◆ Activity
Reproduce the records exactly.

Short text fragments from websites
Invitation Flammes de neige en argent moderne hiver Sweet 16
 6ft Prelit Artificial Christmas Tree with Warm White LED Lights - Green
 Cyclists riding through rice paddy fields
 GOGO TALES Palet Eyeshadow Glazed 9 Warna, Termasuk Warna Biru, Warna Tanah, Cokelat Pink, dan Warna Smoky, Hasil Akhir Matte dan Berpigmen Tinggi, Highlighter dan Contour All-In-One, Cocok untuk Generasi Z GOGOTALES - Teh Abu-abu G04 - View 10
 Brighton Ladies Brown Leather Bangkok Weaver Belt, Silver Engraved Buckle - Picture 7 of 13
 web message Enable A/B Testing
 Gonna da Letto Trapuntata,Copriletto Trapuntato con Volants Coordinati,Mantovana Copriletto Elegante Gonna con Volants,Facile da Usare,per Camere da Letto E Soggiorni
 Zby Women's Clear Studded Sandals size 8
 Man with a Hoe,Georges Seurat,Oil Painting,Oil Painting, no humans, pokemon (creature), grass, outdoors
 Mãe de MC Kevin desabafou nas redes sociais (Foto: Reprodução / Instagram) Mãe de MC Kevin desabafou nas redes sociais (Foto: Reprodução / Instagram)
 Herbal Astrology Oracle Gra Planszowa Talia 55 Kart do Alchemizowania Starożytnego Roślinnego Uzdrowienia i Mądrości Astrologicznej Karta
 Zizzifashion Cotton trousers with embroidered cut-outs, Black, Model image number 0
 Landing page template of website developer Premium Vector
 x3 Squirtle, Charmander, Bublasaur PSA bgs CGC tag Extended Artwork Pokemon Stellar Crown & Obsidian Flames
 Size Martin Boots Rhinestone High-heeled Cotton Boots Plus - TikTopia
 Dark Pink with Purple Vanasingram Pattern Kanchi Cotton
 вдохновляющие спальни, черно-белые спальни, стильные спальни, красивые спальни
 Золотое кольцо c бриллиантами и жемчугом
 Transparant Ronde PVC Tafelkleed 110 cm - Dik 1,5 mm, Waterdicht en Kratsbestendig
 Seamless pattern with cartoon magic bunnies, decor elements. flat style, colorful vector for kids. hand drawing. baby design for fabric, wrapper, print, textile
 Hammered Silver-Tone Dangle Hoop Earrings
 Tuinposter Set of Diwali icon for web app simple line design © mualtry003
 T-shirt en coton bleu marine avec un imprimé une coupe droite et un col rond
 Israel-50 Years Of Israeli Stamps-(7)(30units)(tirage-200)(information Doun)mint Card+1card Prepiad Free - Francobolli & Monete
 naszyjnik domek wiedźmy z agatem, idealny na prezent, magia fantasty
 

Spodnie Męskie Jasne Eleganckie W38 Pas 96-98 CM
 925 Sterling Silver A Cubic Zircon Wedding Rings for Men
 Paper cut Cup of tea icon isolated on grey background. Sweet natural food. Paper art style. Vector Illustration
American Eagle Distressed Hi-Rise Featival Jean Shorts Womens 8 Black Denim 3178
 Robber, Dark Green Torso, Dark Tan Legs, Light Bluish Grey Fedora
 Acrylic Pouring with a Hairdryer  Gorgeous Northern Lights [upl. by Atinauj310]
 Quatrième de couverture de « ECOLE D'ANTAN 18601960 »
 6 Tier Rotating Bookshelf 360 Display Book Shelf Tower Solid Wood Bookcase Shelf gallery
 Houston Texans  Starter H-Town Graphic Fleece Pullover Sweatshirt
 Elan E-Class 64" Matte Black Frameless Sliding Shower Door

◆ Answer below
Invitation Flammes de neige en argent moderne hiver Sweet 16
 6ft Prelit Artificial Christmas Tree with Warm White LED Lights - Green
 Cyclists riding through rice paddy fields
 GOGO TALES Palet Eyeshadow Glazed 9 Warna, Termasuk Warna Biru, Warna Tanah, Cokelat Pink, dan Warna Smoky, Hasil Akhir Matte dan Berpigmen Tinggi, Highlighter dan Contour All-In-One, Cocok untuk Generasi Z GOGOTALES - Teh Abu-abu G04 - View 10
 Brighton Ladies Brown Leather Bangkok Weaver Belt, Silver Engraved Buckle - Picture 7 of 13
 web message Enable A/B Testing
 Gonna da Letto Trapuntata,Copriletto Trapuntato con Volants Coordinati,Mantovana Copriletto Elegante Gonna con Volants,Facile da Usare,per Camere da Letto E Soggiorni
 Zby Women's Clear Studded Sandals size 8
 Man with a Hoe,Georges Seurat,Oil Painting,Oil Painting, no humans, pokemon (creature), grass, outdoors
 Mãe de MC Kevin desabafou nas redes sociais (Foto: Reprodução / Instagram) Mãe de MC Kevin desabafou nas redes sociais (Foto: Reprodução / Instagram)
 Herbal Astrology Oracle Gra Planszowa Talia 55 Kart do Alchemizowania Starożytnego Roślinnego Uzdrowienia i Mądrości Astrologicznej Karta
 Zizzifashion Cotton trousers with embroidered cut-outs, Black, Model image number 0
 Landing page template of website developer Premium Vector
 x3 Squirtle, Charmander, Bublasaur PSA bgs CGC tag Extended Artwork Pokemon Stellar Crown & Obsidian Flames
 Size Martin Boots Rhinestone High-heeled Cotton Boots Plus - TikTopia
 Dark Pink with Purple Vanasingram Pattern Kanchi Cotton
 вдохновляющие спальни, черно-белые спальни, стильные спальни, красивые спальни
 Золотое кольцо c бриллиантами и жемчугом
 Transparant Ronde PVC Tafelkleed 110 cm - Dik 1,5 mm, Waterdicht en Kratsbestendig
 Seamless pattern with cartoon magic bunnies, decor elements. flat style, colorful vector for kids. hand drawing. baby design for fabric, wrapper, print, textile
 Hammered Silver-Tone Dangle Hoop Earrings
 Tuinposter Set of Diwali icon for web app simple line design © mualtry003
 T-shirt en coton bleu marine avec un imprimé une coupe droite et un col rond
 Israel-50 Years Of Israeli Stamps-(7)(30units)(tirage-200)(information Doun)mint Card+1card Prepiad Free - Francobolli & Monete
 naszyjnik domek wiedźmy z agatem, idealny na prezent, magia fantasty
 

Spodnie Męskie Jasne Eleganckie W38 Pas 96-98 CM
 925 Sterling Silver A Cubic Zircon Wedding Rings for Men
 Paper cut Cup of tea icon isolated on grey background. Sweet natural food. Paper art style. Vector Illustration
American Eagle Distressed Hi-Rise Featival Jean Shorts Womens 8 Black Denim 3178
 Robber, Dark Green Torso, Dark Tan Legs, Light Bluish Grey Fedora
 Acrylic Pouring with a Hairdryer  Gorgeous Northern Lights [upl. by Atinauj310]
 Quatrième de couverture de « ECOLE D'ANTAN 18601960 »
 6 Tier Rotating Bookshelf 360 Display Book Shelf Tower Solid Wood Bookcase Shelf gallery
 Houston Texans  Starter H-Town Graphic Fleece Pullover Sweatshirt
 Elan E-Class 64" Matte Black Frameless Sliding Shower Door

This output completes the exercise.